Israel Putnam, the legendary general of the French and Indian and Revolutionary Wars, is considered Connecticut’s first authentic folk hero. Putnam was born in Salem, Massachusetts, in 1718. An outdoorsman from childhood, he moved to Pomfret in 1739 to establish a farm. In 1755, Putnam was commissioned as a Lieutenant in the Connecticut militia for the duration of the French and Indian War. His career included single handedly saving Fort Edwards in West Virginia from being blown up when its magazine of 300 barrels of gunpowder caught fire, capturing a French warship with just a hammer and a few boards by wedging them between the ship’s rudder and hull, as well as nearly being burnt at the stake when he was captured by the Caughnawega Indians during a campaign in New York.
What many people may know about Putnam came with the outbreak of the Revolutionary War in 1775 when he was 57 years old. Upon word of hostilities in Concord and Lexington, it is said that Putnam left his plow in his field and rode a horse for 18 hours straight to Massachusetts. There he took command of the newly formed, untested militia and fought the British, inspiring his troops with the famous quote, “Don’t fire until you see the whites of their eyes.”
Stricken by stroke in 1779, he retired to his farm to live out the remainder of his life hosting a variety of veterans, friends, notables and hero-worshippers. He died May 29, 1790. His remains are buried in the base of a monument to him on the Brooklyn Town Green, formerly part of Pomfret.

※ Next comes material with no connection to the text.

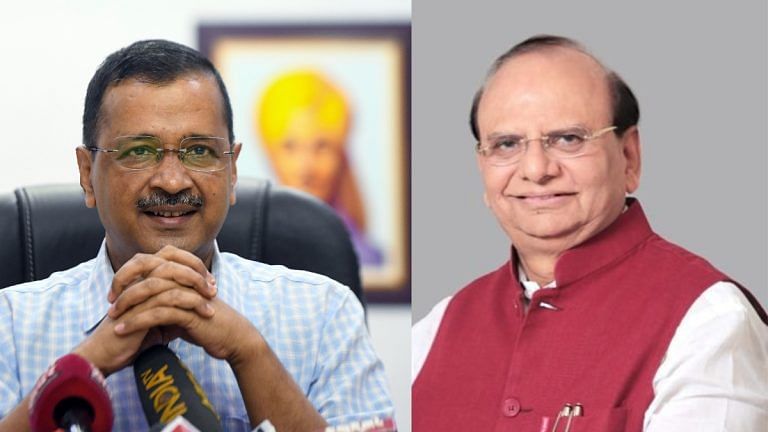 ‘Nothing changed on ground,’ writes Kejriwal in letter to L-G in fresh row over Delhi’s law & order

Joseph Pratt Allyn, a local merchant, commissioned John Quincy Adams Ward to create the statue of Israel Putnam, wanting a historical figure identified with the state in Bushnell Park. Ward was a preeminent sculptor in his day. His commissions include The Indian Hunter, bronze statue in Central Park, 1864; the Garfield Monument, bronze, Washington, D.C., 1887; and The Pediment on the New York Stock Exchange, marble, 1903. Ward also sculpted the allegorical figures that encircle the dome of the Connecticut State Capitol.
Ward was known for his painstaking research into likeness and attire. The Israel Putnam statue was the first of six Revolutionary War memorials he executed, and his first commission after a key trip to Europe in 1872. In Ward’s rendering of Putnam taking a step forward, he is no longer a static figure but a candid portrayal of a fleeting moment as the general strides forth, a sword under his arm. It is believed that Ward learned this technique in France, which gave his works a more natural, spontaneous character and heightened the realism of his sculpture. While a radical departure from his work in the post-Civil War period, this statue marks a new and important dimension in his work.
The statue was dedicated in June 1874.
Note: Dr. Horace Bushnell, the “father” of Bushnell Park, attended the dedication of the statue in June 1874. He was told that Hartford citizens were certain to want a statue of him, too. “Where would you like it to be?” a friend asked. Dr. Bushnell looked all around and, pointing with his cane, quipped, “Down under the bridge yonder!” To this day, there is no statue or monument in the park in memory of Horace Bushnell.